Pregel: A System for Large-Scale Graph Processing - Google, 2010

“Graph algorithms often exhibit poor locality of memory access, very little work per vertex, and a changing degree of parallelism over the course of execution.”

  • Overview of a Pregel Computation
    • A sequence of iterations called supersteps
      • Execute the user function on each vertex
        • This function can send messages to any other vertex (to be read in the next superstep),
        • read messages from other vertexes (from the previous superstep),
        • add or remove out edges,
        • mutate a vertex state,
        • and mutate out-edge state
    • At the end of each user function, the vertex can vote to halt and deactivates itself
      • If a vertex receives a message it is reactivated
      • Once all vertexes have voted to halt and there are no messages in transit, the computation halts
  • The graph is directed, edges are stored with the source vertex
  • The output of a computation is the values output by the vertexes
    • Often this is a smaller directed graph (i.e. a small cluster or MST)

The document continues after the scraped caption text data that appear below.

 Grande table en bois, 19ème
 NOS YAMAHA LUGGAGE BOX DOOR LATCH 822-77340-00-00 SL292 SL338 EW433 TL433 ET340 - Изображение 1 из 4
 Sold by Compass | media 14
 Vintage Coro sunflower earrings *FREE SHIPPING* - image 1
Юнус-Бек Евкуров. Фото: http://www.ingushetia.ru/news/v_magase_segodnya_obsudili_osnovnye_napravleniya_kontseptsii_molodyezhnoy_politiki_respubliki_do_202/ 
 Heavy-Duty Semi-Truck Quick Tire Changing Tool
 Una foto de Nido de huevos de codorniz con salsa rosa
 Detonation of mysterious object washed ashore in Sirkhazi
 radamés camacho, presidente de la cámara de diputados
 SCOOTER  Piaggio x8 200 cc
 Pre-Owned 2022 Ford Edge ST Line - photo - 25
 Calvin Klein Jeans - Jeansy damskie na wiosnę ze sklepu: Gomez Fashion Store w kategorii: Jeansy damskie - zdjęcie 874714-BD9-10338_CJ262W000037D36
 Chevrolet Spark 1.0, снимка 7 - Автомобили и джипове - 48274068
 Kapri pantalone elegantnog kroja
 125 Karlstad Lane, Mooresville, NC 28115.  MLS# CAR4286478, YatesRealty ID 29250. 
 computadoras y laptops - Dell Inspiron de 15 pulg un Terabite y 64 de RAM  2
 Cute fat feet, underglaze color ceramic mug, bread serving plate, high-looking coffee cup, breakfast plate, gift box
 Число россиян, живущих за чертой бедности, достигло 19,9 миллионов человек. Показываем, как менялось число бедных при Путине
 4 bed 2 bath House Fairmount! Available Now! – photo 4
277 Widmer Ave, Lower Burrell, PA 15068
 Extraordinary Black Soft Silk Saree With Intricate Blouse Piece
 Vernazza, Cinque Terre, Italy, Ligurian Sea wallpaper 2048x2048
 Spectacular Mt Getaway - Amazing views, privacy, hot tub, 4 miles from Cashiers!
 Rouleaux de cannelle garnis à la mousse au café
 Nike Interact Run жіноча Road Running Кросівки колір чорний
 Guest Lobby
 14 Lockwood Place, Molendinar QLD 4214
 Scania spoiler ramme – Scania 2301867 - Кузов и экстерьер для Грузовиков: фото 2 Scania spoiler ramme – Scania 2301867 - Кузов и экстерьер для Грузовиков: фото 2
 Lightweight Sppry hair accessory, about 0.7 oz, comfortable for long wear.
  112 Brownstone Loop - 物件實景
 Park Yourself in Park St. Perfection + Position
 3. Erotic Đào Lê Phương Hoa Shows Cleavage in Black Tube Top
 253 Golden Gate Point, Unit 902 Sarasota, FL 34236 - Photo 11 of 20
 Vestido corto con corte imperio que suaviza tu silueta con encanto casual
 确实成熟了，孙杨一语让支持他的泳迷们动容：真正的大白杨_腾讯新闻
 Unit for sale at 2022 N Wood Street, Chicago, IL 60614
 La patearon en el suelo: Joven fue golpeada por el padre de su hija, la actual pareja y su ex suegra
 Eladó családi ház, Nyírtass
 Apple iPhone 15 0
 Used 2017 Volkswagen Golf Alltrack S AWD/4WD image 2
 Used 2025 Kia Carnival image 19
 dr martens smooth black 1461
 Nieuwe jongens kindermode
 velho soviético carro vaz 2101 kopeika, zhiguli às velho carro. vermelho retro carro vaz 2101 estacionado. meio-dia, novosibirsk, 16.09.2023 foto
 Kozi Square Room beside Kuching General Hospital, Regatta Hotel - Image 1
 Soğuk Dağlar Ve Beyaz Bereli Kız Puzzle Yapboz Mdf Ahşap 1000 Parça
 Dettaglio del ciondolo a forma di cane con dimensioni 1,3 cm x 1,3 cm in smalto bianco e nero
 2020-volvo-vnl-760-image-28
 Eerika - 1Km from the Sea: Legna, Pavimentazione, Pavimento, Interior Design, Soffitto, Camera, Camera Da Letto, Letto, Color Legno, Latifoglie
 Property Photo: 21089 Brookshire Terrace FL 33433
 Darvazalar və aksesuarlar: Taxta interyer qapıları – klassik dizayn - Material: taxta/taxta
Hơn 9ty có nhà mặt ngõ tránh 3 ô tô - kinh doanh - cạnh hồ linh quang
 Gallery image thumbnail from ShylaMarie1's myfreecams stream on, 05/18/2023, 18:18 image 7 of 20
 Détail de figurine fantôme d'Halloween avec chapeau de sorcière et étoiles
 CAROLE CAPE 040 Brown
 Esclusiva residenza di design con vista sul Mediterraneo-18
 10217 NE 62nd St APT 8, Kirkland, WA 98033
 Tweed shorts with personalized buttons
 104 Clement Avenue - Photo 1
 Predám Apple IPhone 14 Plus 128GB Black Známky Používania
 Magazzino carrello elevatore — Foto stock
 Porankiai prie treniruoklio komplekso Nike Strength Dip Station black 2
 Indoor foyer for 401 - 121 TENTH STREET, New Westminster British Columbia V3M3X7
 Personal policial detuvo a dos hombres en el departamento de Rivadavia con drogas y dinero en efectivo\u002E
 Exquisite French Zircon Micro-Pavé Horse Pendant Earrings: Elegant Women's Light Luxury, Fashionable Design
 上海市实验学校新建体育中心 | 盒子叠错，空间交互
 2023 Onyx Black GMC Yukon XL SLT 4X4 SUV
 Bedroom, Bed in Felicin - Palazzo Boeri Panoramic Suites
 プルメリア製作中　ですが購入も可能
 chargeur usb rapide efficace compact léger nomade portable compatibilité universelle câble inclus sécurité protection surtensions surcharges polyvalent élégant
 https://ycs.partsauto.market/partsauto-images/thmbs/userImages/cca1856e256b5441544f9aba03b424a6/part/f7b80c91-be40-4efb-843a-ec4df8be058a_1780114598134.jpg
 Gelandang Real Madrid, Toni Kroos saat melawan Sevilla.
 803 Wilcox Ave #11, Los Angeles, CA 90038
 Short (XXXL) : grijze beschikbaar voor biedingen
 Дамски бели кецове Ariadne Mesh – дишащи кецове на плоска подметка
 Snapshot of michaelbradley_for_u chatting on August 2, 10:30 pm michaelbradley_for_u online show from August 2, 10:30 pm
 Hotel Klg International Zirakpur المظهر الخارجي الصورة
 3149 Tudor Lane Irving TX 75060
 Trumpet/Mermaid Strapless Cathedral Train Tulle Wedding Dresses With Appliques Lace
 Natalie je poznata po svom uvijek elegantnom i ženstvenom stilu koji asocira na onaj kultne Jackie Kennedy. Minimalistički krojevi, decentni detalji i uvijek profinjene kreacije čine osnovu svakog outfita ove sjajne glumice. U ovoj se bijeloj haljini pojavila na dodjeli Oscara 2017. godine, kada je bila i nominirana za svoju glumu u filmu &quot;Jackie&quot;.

    • Could also be a few aggregate values
  • Message Passing instead of Remote Reads
    • Sufficiently Expressive
    • Better Performance
    • They can asynchronously batch messages
      • I note that they can also be streaming out messages while still running vertex programs on other parts of the partition
  • API Notes
    • Combiners, like a MapReduce combiner, they can mitigate the overhead of message passing for some computations by having a combiner
    • Aggregators
      • Useful for graph wide statistics
  • Mutating the Graph
    • They need to be careful with how they deal with mutations that change the same part of the graph
    • They use a specific ordering:
      1. Edge Removals
      2. Vertex Removals
      3. Vertex Additions
      4. Edge Additions
      5. Then Compute(), the vertex program
    • They provide mechanisms to override the behavior when there are multiple requests to create the same vertex
  • Partitioning
    • Assignment is based on Vertex ID
    • Users can replaces the basic hash(id) mod N partitioner
    • Some users partition the graph so that vertices from the same web site are located on the same partition
      • I wonder how they deal with large websites like Wikipedia
      • Perhaps they don’t all go to the same shard, or maybe they can special case a small set of large sites
  • Cluster Architecture
    • They launch Pregel on a set of machines, one of which is designated as the master
      • Probably through Chubby or ZooKeeper style node ordering
    • The rest send registration messages to the master
    • Master assigns one or more partitions to each worker
    • Each worker knows about the partitioning layout
    • Master assigns a part of the input to each worker
      • The workers enqueue vertices that are meant to go to other workers
      • I wonder if it might be faster to prepartition the graph
    • During each superstep, messages are sent asynchronously to overlap computation and network usage
  • Fault Tolerance
    • Checkpointing is the main mechanism
    • Before a superstep, the master tells all workers to save their state (including incoming messages) to a persistent store (probably GFS)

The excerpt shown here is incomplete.